_EXERCISE DETAILS_:
When you restate the data, keep every word as it is and drop the images.

[MATERIALS PROVIDED Boundary: Start]

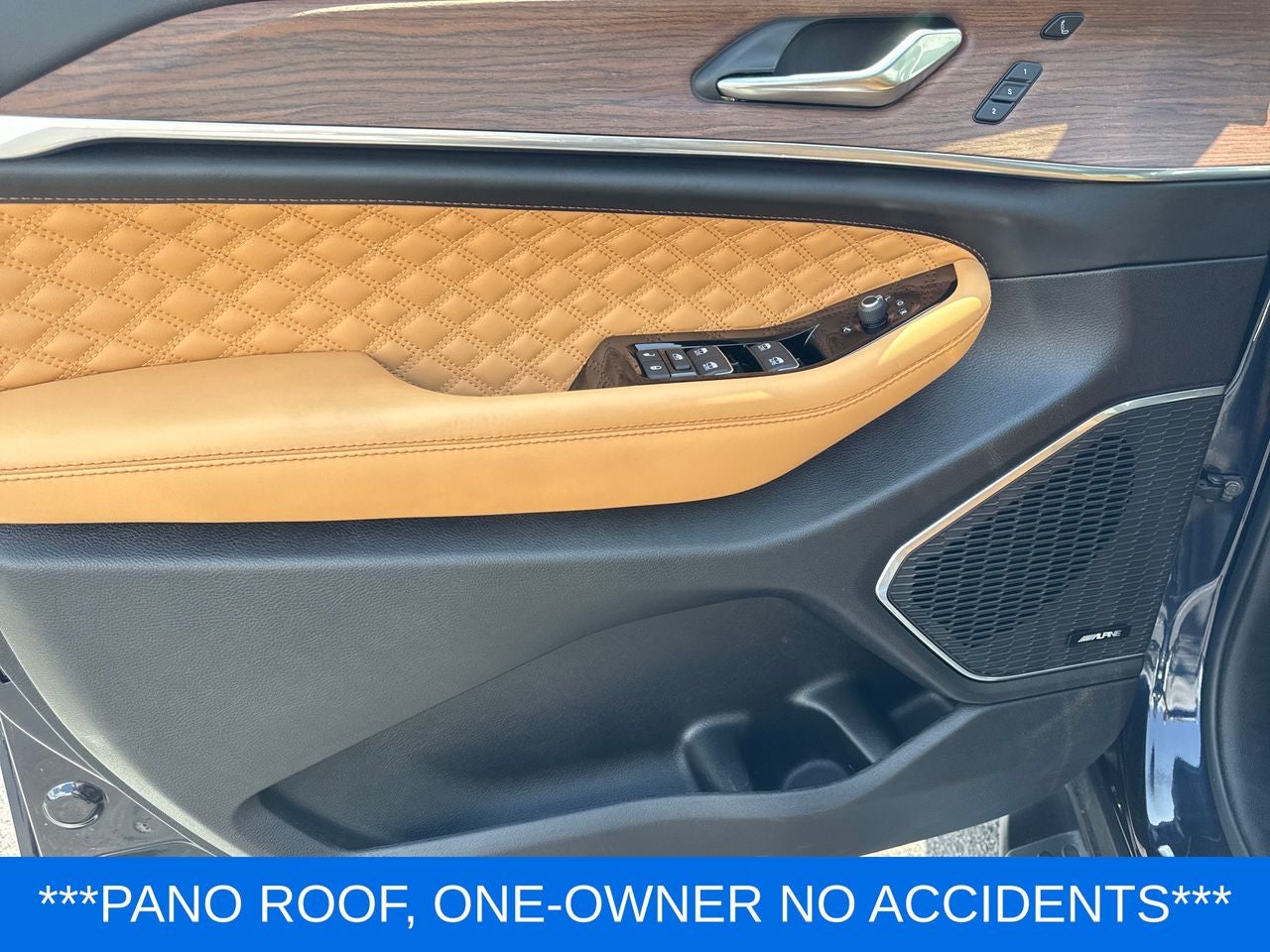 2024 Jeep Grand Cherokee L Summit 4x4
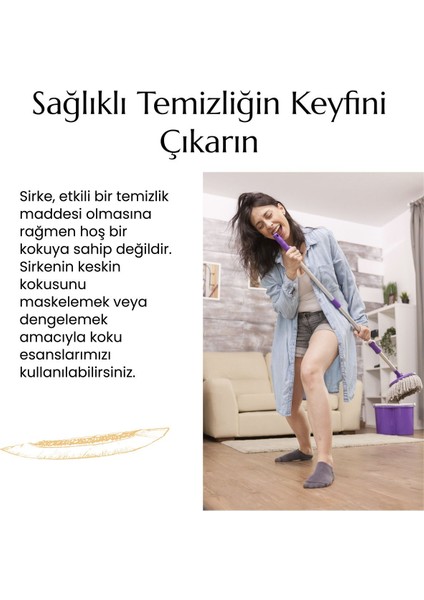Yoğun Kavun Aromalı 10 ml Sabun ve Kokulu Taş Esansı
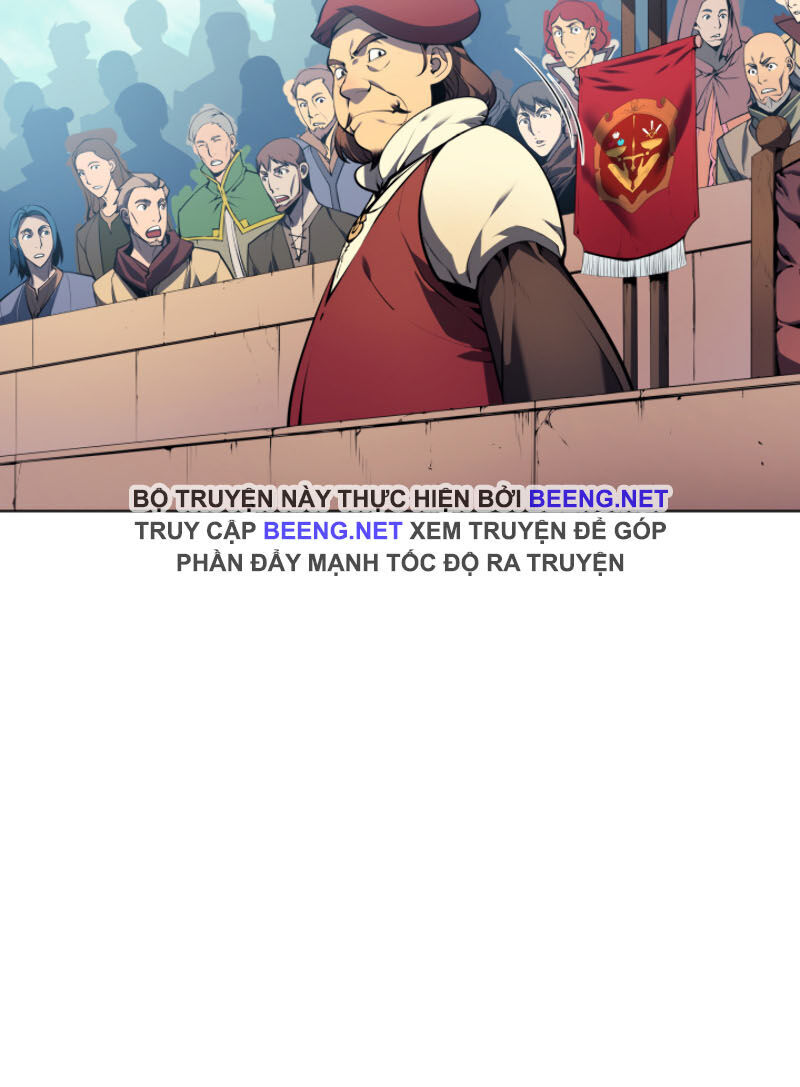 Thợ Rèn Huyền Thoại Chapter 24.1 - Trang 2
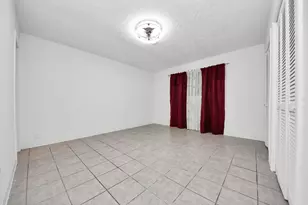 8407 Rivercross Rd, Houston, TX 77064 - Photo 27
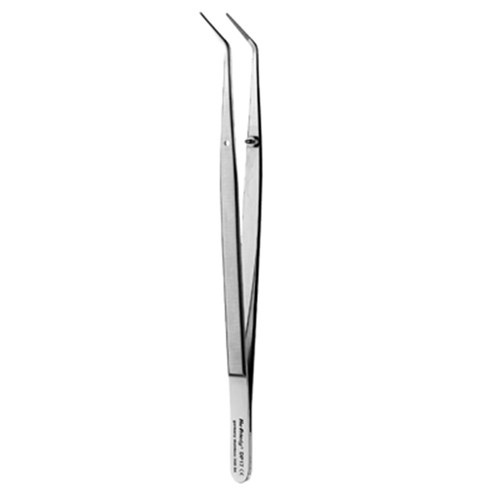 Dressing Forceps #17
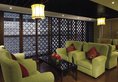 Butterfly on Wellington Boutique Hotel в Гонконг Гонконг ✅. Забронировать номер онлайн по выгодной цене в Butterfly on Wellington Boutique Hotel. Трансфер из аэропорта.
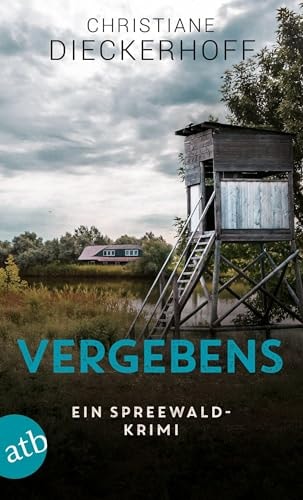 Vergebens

[MATERIALS PROVIDED Boundary: End]

_RESPONSE TO THE EXERCISE_:
 2024 Jeep Grand Cherokee L Summit 4x4
Yoğun Kavun Aromalı 10 ml Sabun ve Kokulu Taş Esansı
 Thợ Rèn Huyền Thoại Chapter 24.1 - Trang 2
 8407 Rivercross Rd, Houston, TX 77064 - Photo 27
 Dressing Forceps #17
 Butterfly on Wellington Boutique Hotel в Гонконг Гонконг ✅. Забронировать номер онлайн по выгодной цене в Butterfly on Wellington Boutique Hotel. Трансфер из аэропорта.
 Vergebens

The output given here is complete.